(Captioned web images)
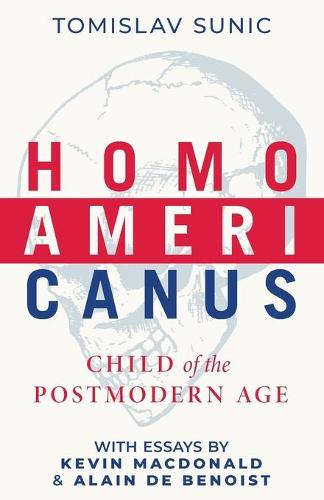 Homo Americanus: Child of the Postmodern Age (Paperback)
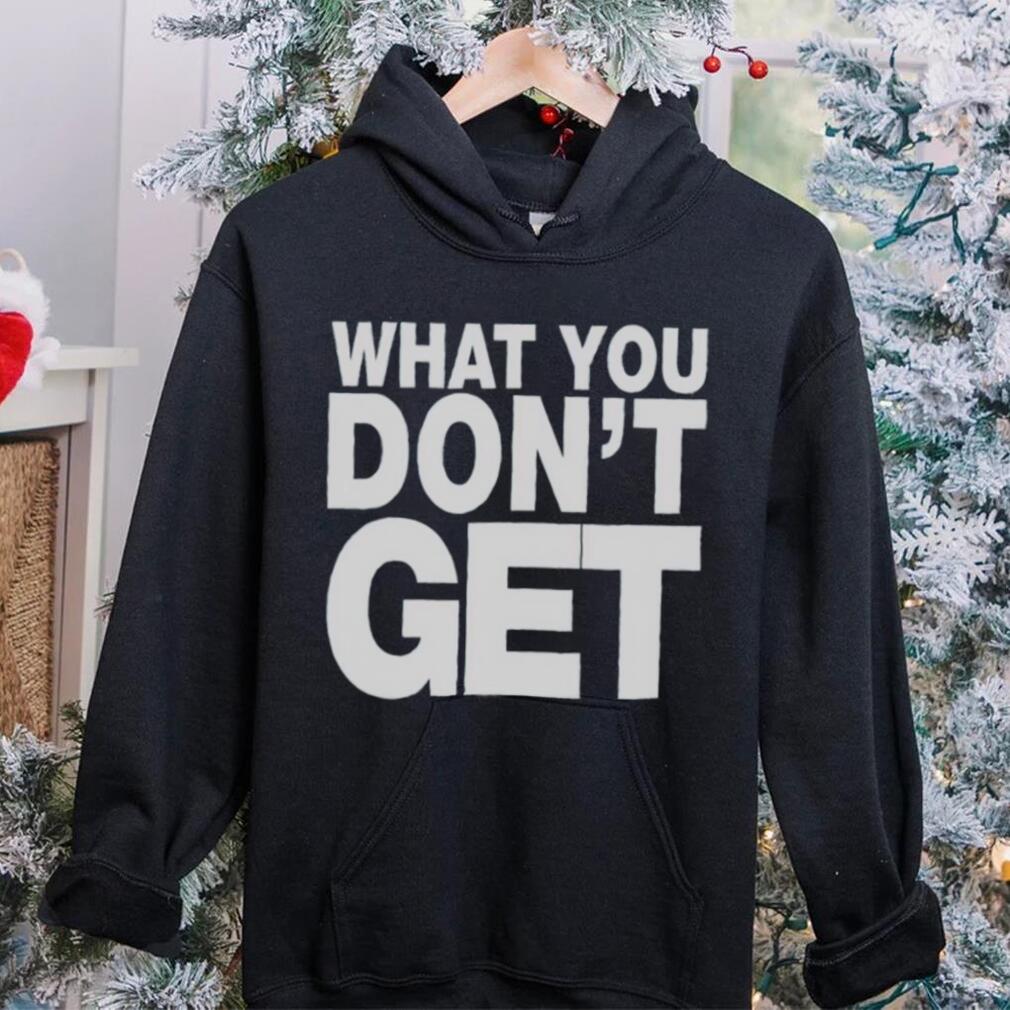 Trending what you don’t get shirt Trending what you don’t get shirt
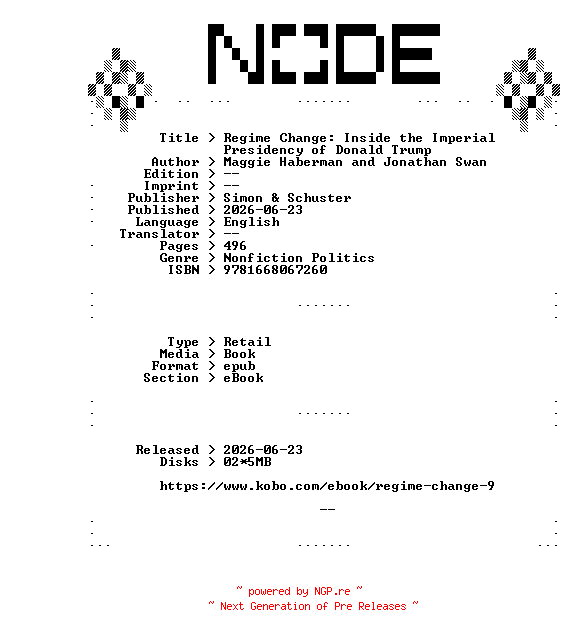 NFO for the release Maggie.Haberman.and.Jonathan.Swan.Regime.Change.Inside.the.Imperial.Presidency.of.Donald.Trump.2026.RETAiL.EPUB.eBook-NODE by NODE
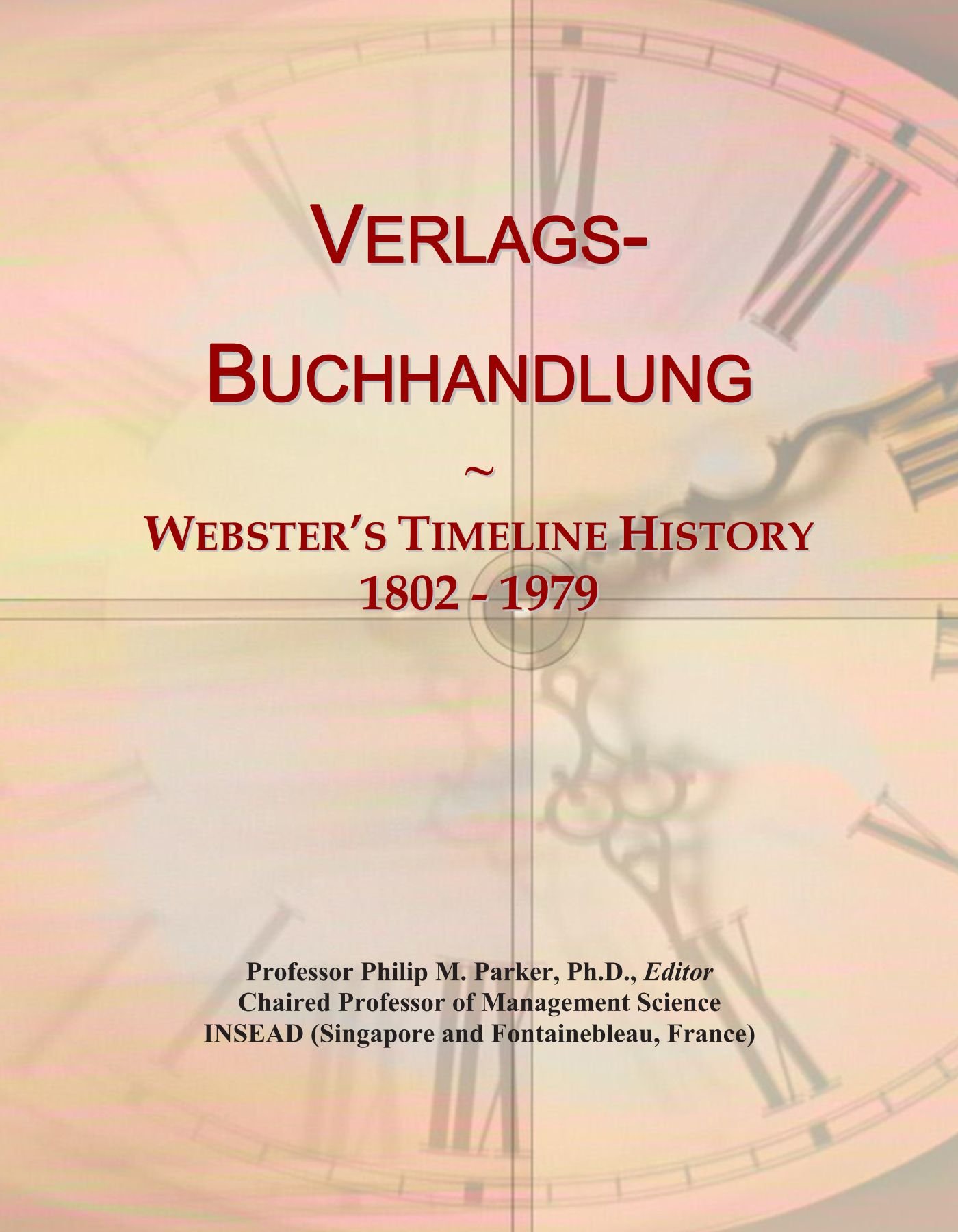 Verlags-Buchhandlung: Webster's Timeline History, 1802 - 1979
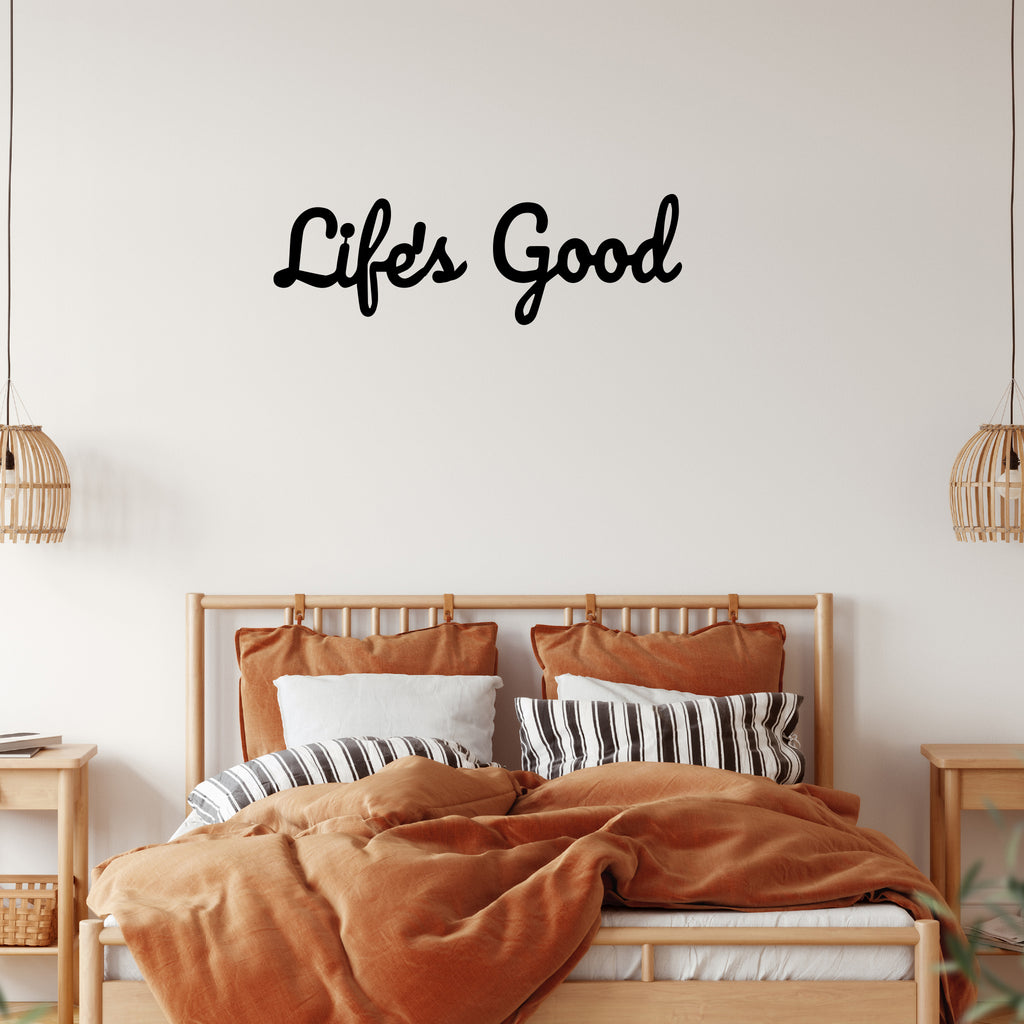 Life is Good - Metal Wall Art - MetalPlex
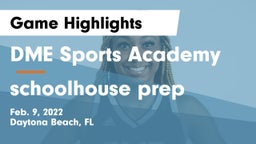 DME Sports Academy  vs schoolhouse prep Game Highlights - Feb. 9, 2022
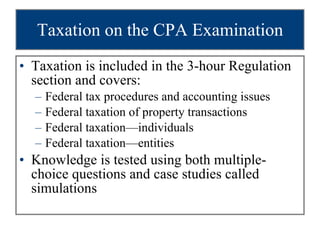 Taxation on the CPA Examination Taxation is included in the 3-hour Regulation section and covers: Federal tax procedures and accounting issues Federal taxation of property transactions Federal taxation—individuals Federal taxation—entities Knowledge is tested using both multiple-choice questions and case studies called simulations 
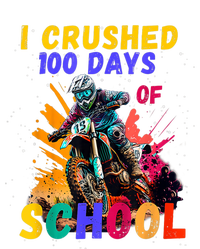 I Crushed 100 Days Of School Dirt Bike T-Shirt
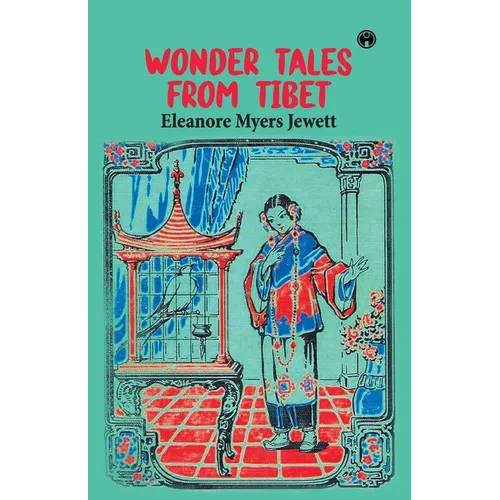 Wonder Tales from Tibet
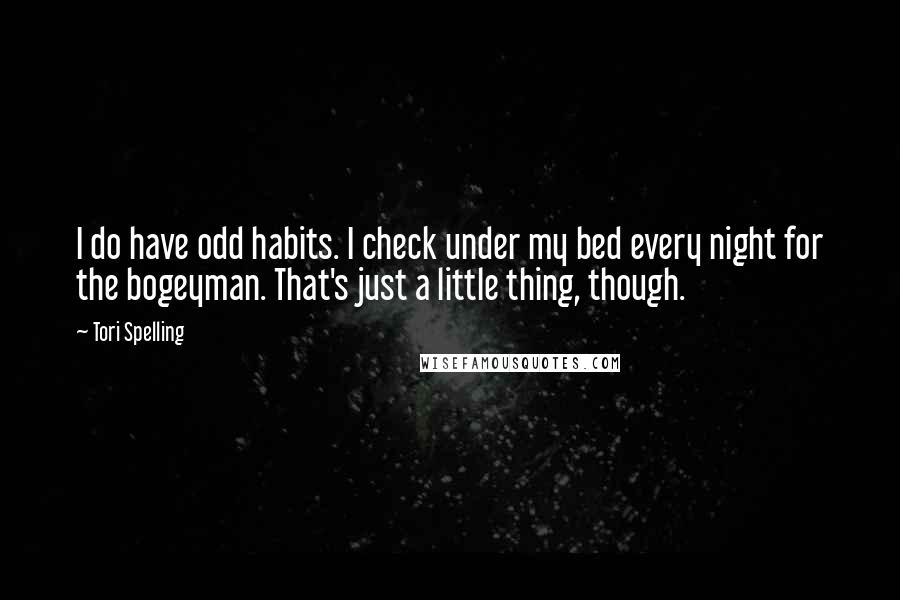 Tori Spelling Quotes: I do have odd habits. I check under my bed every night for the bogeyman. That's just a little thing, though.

→ What is needed:
What is needed here is an exact copy of the lines from the line containing "I Crushed 100" through the end of the records, with every picture left out.

→ Written solution:
 I Crushed 100 Days Of School Dirt Bike T-Shirt
 Wonder Tales from Tibet
 Tori Spelling Quotes: I do have odd habits. I check under my bed every night for the bogeyman. That's just a little thing, though.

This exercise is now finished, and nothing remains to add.